The payback from asteroid visits is also likely to be higher,
if large amounts of mass can be returned to earth orbit.
Of course, there will be scientific benefits from a Mars mission,
but the results would be expensive, and more science could be done
on earth (in other fields) for the same money.

Of the eight points I listed above, (1) is the most important for
making a Mars mission practical.  A Mars ship will be heavy.  In
proposed Mars missions I've seen, the major cost has been bringing
the Mars ship and its fuel into orbit.

The rockets used in the Mars mission could be conventional LH/LOX
chemical rockets or NERVA-type nuclear rockets.
Some sort of beam-powered (microwave or laser) electric rocket
could also be practical, at least for the boost away from earth.

The first missions to Mars will probably establish bases on or near
Phobos and/or Deimos.  These moons are likely to contain water
and carbon compounds, and could be processed into air, food and fuel.

Probably the cheapest way to get to Mars in the near term is by
an Orion-type rocket.  It could be built in orbit to reduce fallout,
but this would again require cheap boosters to put its thousands of
tonnes of mass into space.  ET materials might be useful as shielding,
or for structural material, if a nickel-iron asteroid could be snared.
Water or carbon compounds from asteroids or the moons of Mars could be
used as reaction mass in the shaped nuclear charges.

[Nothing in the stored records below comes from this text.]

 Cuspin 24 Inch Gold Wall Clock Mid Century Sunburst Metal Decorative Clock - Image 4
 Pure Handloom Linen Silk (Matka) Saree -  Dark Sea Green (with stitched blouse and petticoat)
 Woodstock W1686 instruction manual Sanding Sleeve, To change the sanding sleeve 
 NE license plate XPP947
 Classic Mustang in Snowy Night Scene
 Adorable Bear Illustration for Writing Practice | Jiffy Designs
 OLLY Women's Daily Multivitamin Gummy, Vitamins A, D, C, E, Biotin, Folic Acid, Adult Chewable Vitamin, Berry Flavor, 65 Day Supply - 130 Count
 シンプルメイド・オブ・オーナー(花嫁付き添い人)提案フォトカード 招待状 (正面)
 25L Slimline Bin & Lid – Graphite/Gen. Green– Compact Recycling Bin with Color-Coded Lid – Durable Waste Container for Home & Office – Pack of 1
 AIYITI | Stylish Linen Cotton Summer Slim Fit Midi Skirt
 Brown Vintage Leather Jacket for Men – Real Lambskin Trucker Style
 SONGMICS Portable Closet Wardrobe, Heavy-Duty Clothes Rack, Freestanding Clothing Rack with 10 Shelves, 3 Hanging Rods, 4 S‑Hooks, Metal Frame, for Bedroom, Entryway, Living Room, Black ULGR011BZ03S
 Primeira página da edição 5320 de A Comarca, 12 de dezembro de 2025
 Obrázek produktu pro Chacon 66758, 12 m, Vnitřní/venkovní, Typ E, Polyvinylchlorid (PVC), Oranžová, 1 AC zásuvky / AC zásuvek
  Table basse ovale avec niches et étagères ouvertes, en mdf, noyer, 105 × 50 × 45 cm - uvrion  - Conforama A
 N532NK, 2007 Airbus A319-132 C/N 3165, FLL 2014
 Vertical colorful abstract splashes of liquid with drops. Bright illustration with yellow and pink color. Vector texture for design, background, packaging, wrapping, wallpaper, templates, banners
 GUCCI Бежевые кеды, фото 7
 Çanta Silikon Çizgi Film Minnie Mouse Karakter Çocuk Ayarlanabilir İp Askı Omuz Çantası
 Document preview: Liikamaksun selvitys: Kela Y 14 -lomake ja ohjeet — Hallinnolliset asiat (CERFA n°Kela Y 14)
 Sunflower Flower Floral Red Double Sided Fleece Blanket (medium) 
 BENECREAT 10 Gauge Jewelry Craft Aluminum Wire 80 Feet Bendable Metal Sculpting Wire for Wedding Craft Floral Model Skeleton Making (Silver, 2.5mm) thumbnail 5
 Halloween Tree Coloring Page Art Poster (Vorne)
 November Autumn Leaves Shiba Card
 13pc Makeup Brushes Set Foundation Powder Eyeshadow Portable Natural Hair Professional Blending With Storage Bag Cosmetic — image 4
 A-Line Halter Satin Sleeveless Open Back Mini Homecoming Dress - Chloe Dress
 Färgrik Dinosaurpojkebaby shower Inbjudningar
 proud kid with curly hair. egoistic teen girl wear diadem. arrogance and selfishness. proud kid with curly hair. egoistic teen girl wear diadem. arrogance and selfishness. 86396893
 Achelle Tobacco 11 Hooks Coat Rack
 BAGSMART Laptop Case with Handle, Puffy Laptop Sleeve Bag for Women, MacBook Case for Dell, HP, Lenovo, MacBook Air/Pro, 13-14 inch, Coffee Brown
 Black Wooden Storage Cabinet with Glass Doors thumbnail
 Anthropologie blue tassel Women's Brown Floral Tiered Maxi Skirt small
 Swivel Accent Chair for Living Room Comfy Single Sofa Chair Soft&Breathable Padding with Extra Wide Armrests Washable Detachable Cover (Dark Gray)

spock@iham1.UUCP (Ed Weiss) (12/10/85)

> A manned Mars trip should have low priority.  The following items
> are more important:
> 
>    (1) Cheaper transport to low earth orbit
>    (2) Reusable OTV's (robotic or remote controlled)
>    (3) Storage areas in LEO and GEO for parts & fuel for OTV's
>    (4) A LEO space station
>    (5) A GEO space station
>    (6) Visits to asteroids co-orbital with earth, if any exist
>    (7) A lunar base
>    (8) Visits to some Apollo/Amor asteroids
> 
> It really makes little sense to visit Mars until we can do so
> economically.  This will require more infrastructure around earth
> if we want to establish a base there at a reasonable cost.
> The payback from asteroid visits is also likely to be higher,
> if large amounts of mass can be returned to earth orbit.
> Of course, there will be scientific benefits from a Mars mission,
> but the results would be expensive, and more science could be done
> on earth (in other fields) for the same money.
> 
> .....

I think that we (the readers of this group and ME) spend too much time
thinking of the practical and economical reasons for space related
activities.  There has been much discussion on how to justify our
favorite program.  What we need to concentrate on is not the REAL
reasons why our program should be funded, but the reasons that will
CAUSE our program to be funded.

It seems to me that the best way to get funding is to appeal to
the common American's sense of adventure.  We need to capture
their imaginations.  THAT is how we are going to get funding.
That is why the space station is important.  It keeps space
in the public's mind.

(To get back to the subject line):  A Mars project may be the way to
get Americans as excited as they were for the Apollo project.  If this
happens then we may just get the funding we need.  Funding for a Mars
project may necessarily include many of the programs that we feel
are necessary.

The purpose of this article is not to say that we should stop thinking
of GOOD reasons to justify space programs.  What it is meant to say is
that when we try to SELL our programs, we must use some political savvy.
REMEMBER that the space budget is not fixed.  Congress can vote us
more money if they think it is politically good move.

Sorry about my soapbox!
-- 

					Ed Weiss
					ihnp4!iham1!spock

					--> Live Long and Prosper <--

henry@utzoo.UUCP (Henry Spencer) (12/12/85)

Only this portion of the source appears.